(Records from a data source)
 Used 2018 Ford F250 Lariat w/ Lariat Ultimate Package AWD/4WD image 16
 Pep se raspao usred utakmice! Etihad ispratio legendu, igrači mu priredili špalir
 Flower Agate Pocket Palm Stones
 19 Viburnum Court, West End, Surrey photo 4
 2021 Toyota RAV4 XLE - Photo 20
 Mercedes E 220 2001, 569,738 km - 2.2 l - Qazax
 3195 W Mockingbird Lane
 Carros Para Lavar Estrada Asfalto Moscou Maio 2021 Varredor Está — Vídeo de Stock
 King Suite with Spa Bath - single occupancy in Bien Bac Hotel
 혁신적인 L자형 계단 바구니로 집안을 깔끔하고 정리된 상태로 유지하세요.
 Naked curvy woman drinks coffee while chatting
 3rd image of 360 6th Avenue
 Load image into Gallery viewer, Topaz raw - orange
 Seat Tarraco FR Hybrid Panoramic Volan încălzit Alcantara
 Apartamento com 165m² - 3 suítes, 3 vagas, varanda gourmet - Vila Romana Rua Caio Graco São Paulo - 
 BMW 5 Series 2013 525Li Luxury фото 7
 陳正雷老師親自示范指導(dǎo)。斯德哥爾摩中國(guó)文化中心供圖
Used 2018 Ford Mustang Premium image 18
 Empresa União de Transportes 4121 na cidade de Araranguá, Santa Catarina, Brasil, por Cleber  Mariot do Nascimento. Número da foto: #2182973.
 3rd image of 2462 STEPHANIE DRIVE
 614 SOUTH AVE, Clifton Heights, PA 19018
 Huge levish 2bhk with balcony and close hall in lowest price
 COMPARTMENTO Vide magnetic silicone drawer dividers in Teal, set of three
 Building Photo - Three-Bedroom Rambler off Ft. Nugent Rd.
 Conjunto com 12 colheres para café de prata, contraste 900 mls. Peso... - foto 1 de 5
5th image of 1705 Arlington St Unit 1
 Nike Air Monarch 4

» Task instructions: Set out the entries once more, word for word.

» Response to this task:
 Used 2018 Ford F250 Lariat w/ Lariat Ultimate Package AWD/4WD image 16
 Pep se raspao usred utakmice! Etihad ispratio legendu, igrači mu priredili špalir
 Flower Agate Pocket Palm Stones
 19 Viburnum Court, West End, Surrey photo 4
 2021 Toyota RAV4 XLE - Photo 20
 Mercedes E 220 2001, 569,738 km - 2.2 l - Qazax
 3195 W Mockingbird Lane
 Carros Para Lavar Estrada Asfalto Moscou Maio 2021 Varredor Está — Vídeo de Stock
 King Suite with Spa Bath - single occupancy in Bien Bac Hotel
 혁신적인 L자형 계단 바구니로 집안을 깔끔하고 정리된 상태로 유지하세요.
 Naked curvy woman drinks coffee while chatting
 3rd image of 360 6th Avenue
 Load image into Gallery viewer, Topaz raw - orange
 Seat Tarraco FR Hybrid Panoramic Volan încălzit Alcantara
 Apartamento com 165m² - 3 suítes, 3 vagas, varanda gourmet - Vila Romana Rua Caio Graco São Paulo - 
 BMW 5 Series 2013 525Li Luxury фото 7
 陳正雷老師親自示范指導(dǎo)。斯德哥爾摩中國(guó)文化中心供圖
Used 2018 Ford Mustang Premium image 18
 Empresa União de Transportes 4121 na cidade de Araranguá, Santa Catarina, Brasil, por Cleber  Mariot do Nascimento. Número da foto: #2182973.
 3rd image of 2462 STEPHANIE DRIVE
 614 SOUTH AVE, Clifton Heights, PA 19018
 Huge levish 2bhk with balcony and close hall in lowest price
 COMPARTMENTO Vide magnetic silicone drawer dividers in Teal, set of three
 Building Photo - Three-Bedroom Rambler off Ft. Nugent Rd.
 Conjunto com 12 colheres para café de prata, contraste 900 mls. Peso... - foto 1 de 5
5th image of 1705 Arlington St Unit 1
 Nike Air Monarch 4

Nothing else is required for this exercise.